A gravidade da situação se revela, por exemplo, nos lares, escolas ou mesmo em locais públicos, quando percebemos crianças e jovens terem reações histéricas, ao serem privados de seus celulares. Basta uma simples troca de palavras com psicólogos para termos relatos apavorantes da evolução de um estado de insanidade provocado por um condicionamento irracional às redes. Não acredito em ações paulatinas no combate aos crimes cometidos na internet.

Estamos diante de um incêndio alimentado permanentemente por um combustível altamente inflamável. Não há solução possível, senão o corte pronto e simples da fonte de tamanha tragédia, aliás enquanto houver alguém ainda suficientemente livre para tomar a iniciativa. A questão tem tomado tamanha proporção que uma democracia modelar, como a norte-americana, começa a tratar seriamente de banir das salas de aula os smartphones, mesmo em estados com perfis políticos tão diferentes como a Flórida e a Califórnia.

No Brasil, ainda estamos muito focados em prevenir fake news com intenções políticas, enquanto proliferam a jogatina, a enganação, os golpes, a manipulação, a indução e a picaretagem de maneira generalizada, em nome de oportunidades de ganhar dinheiro e fazer sucesso.

Como em toda a ação desonesta bem-sucedida, o segredo sempre estará em contar com a cumplicidade da vítima. E não há ambiente mais conveniente para se promover essa cumplicidade provocada do que a internet, onde é fácil trabalhar o imaginário e se valer de uma aparente sensação de inviolabilidade das vítimas.

Sim, é verdade que o monstro se tornou suficientemente monstruoso a ponto de gerar uma paralisia geral em quem deveria agir. Mas temos de quebrar essa letargia e encontrar uma maneira de reassumir o controle da situação.

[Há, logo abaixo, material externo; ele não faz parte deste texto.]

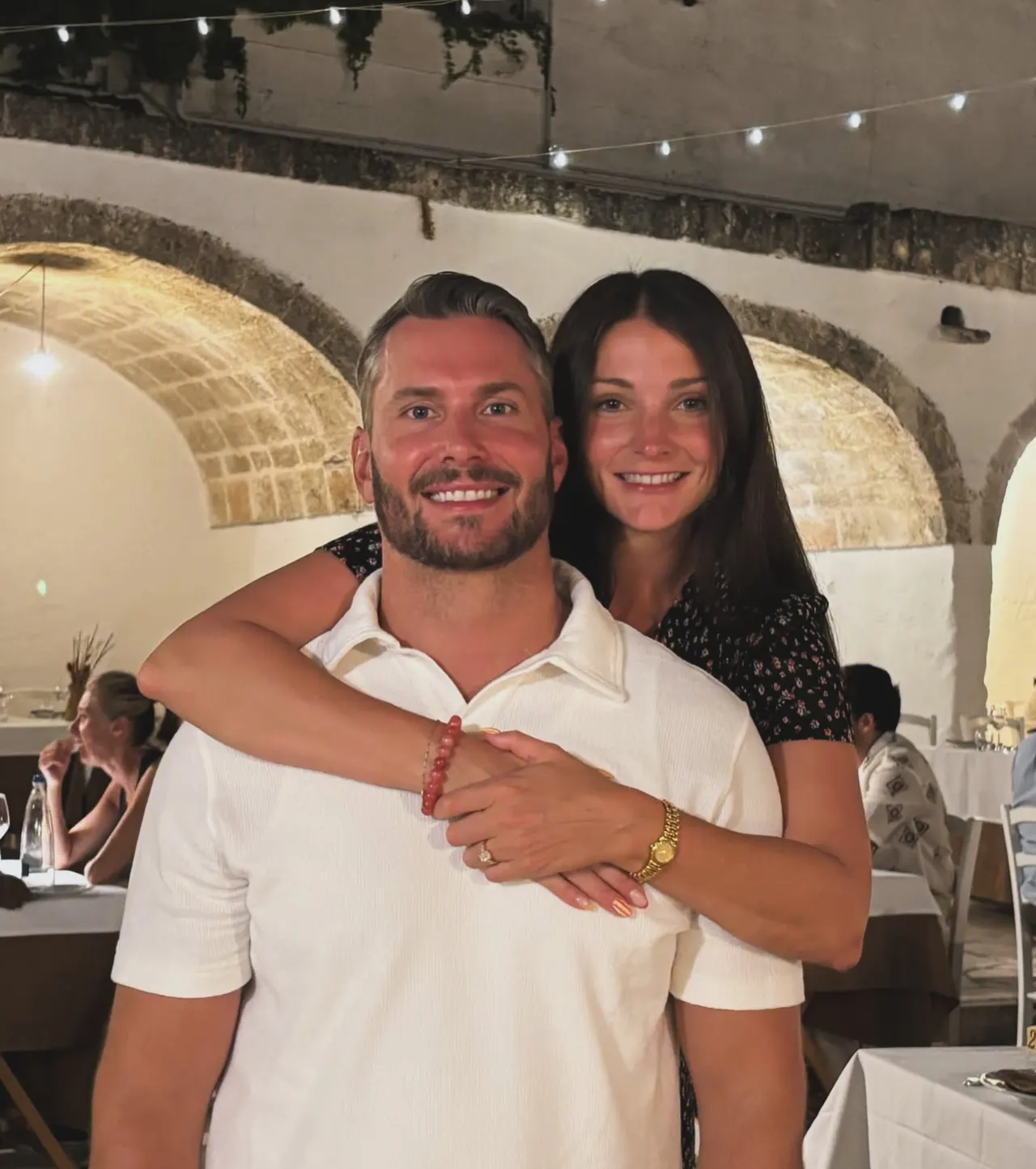 Drew and Valerie embracing in a vaulted stone restaurant at night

Nenhuma sociedade resiste a tamanha liberalidade nas formas de influenciar sua população mais vulnerável. Uma nação tem suas peculiaridades culturais e elas precisam ser preservadas, seus valores precisam ser protegidos e, principalmente, as crianças e os jovens, que construirão a história de seu futuro, precisam de uma formação adequada. Entregar tudo isso a interesses particulares, administrados por gente de má-fé, é um atentado à soberania.

Precisamos com urgência de um processo de reeducação para a vida, através de uma radical desintoxicação digital. Ou caminhamos céleres para nos tornarmos uma nação de zumbis cibernéticos.